Listed entries:
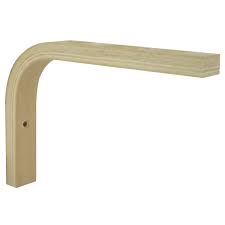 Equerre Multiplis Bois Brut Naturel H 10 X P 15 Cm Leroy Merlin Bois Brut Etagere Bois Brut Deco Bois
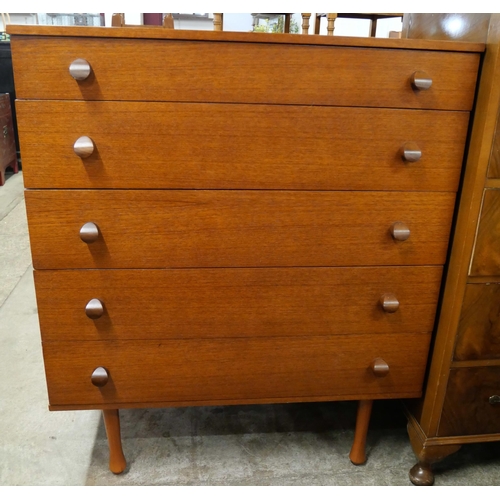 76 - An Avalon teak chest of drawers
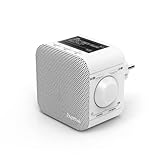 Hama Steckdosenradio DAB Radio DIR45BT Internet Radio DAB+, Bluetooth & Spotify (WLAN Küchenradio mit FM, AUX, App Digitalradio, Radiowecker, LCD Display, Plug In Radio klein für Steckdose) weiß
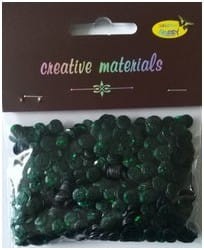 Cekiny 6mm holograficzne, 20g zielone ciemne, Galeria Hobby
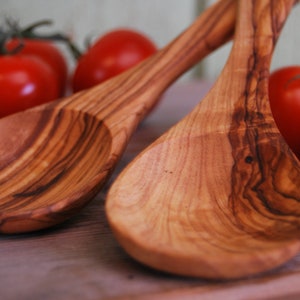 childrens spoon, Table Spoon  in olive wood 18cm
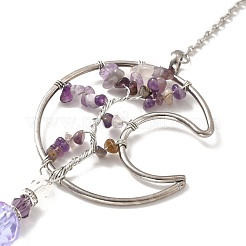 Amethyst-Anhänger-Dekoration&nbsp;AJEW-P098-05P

Exercise prompt: From the line with "Cekiny 6mm holograficzne, 20g" down to the last line of the records above, restate each line verbatim, passing over any picture.

Result:
 Cekiny 6mm holograficzne, 20g zielone ciemne, Galeria Hobby
 childrens spoon, Table Spoon  in olive wood 18cm
 Amethyst-Anhänger-Dekoration&nbsp;AJEW-P098-05P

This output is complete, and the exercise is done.